Glesia follows the same idea as glixir: keep the public API in Gleam, and use
a tiny Erlang FFI layer for the OTP feature that Gleam does not wrap directly.
Mnesia records are dynamic BEAM tuples, so Glesia keeps that boundary explicit
with Dynamic values and optional decoders.
Install
gleam add glesia
Quick start
import glesia
import gleam/dynamic
import gleam/erlang/atom
pub fn main() -> Nil {
let users = atom.create("users")
let _ = glesia.set_dir("/tmp/my_app_mnesia")
let _ = glesia.create_local_schema()
let assert Ok(_) = glesia.start()
let _ = glesia.create_ram_table(users, [
atom.create("id"),
atom.create("name"),
])
let assert Ok(_) = glesia.dirty_write(dynamic.from(#(users, 1, "Ada")))
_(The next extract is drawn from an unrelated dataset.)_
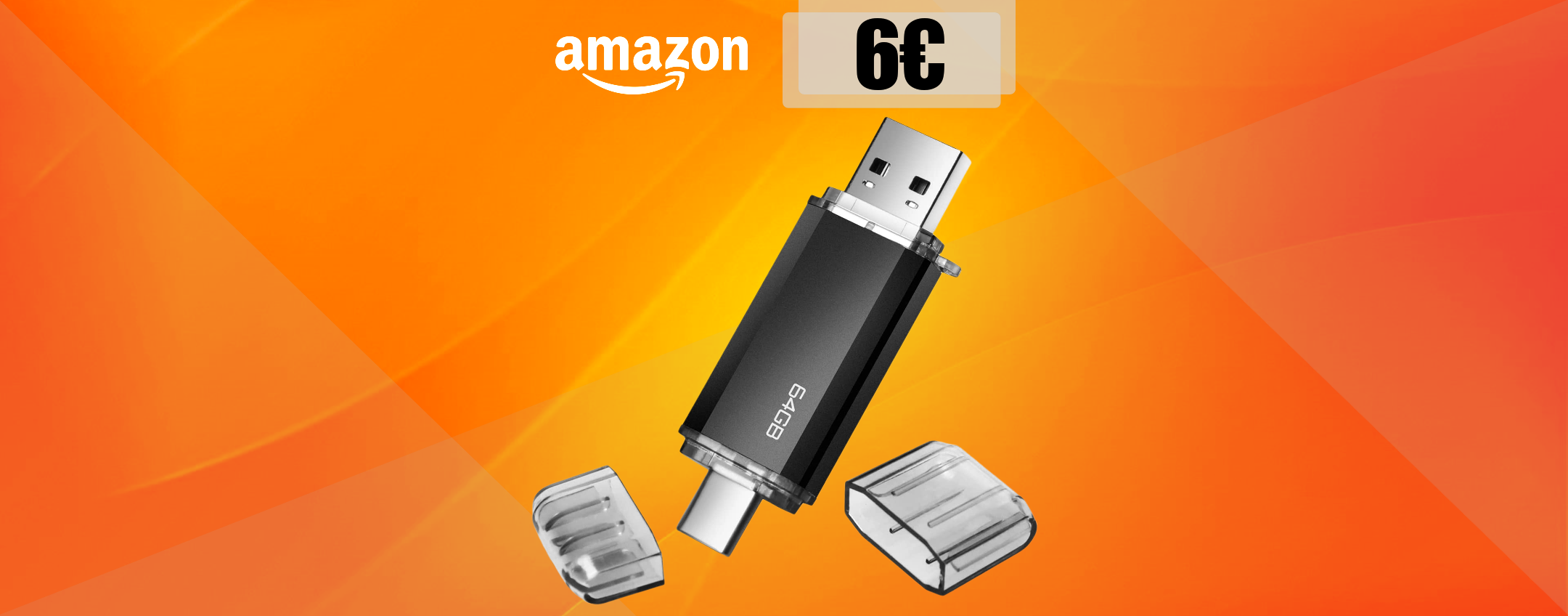 Chiavetta USB 64GB con 2 uscite, pratica e veloce: ti bastano 6€
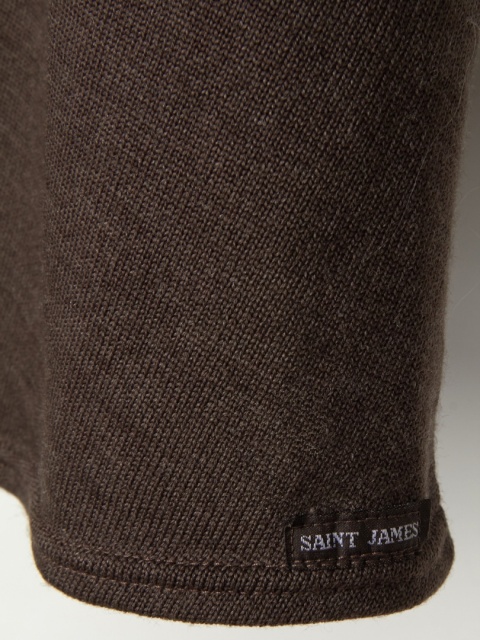 SAINT JAMES - mięciutki sweter tunika wełna czekoladowy brąz - 36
let assert Ok(records) = glesia.dirty_read(users, dynamic.from(1))
let _ = glesia.stop()
}
API
create_schema(nodes)create_local_schema()delete_schema(nodes)delete_local_schema()set_dir(path)start()stop()create_table(table, attributes, storage_type, table_type)create_ram_table(table, attributes)dirty_write(record)dirty_read(table, key)dirty_read_decoded(table, key, decoder)dirty_delete(table, key)transaction(fun)
Safety notes
Mnesia table names and attributes are atoms. Do not create atoms from untrusted
user input. Records are Erlang tuples, so reads return Dynamic unless you pass
a decoder with dirty_read_decoded.
The wrapper is intentionally small. It gives Gleam code access to Mnesia without hiding the BEAM interop boundary.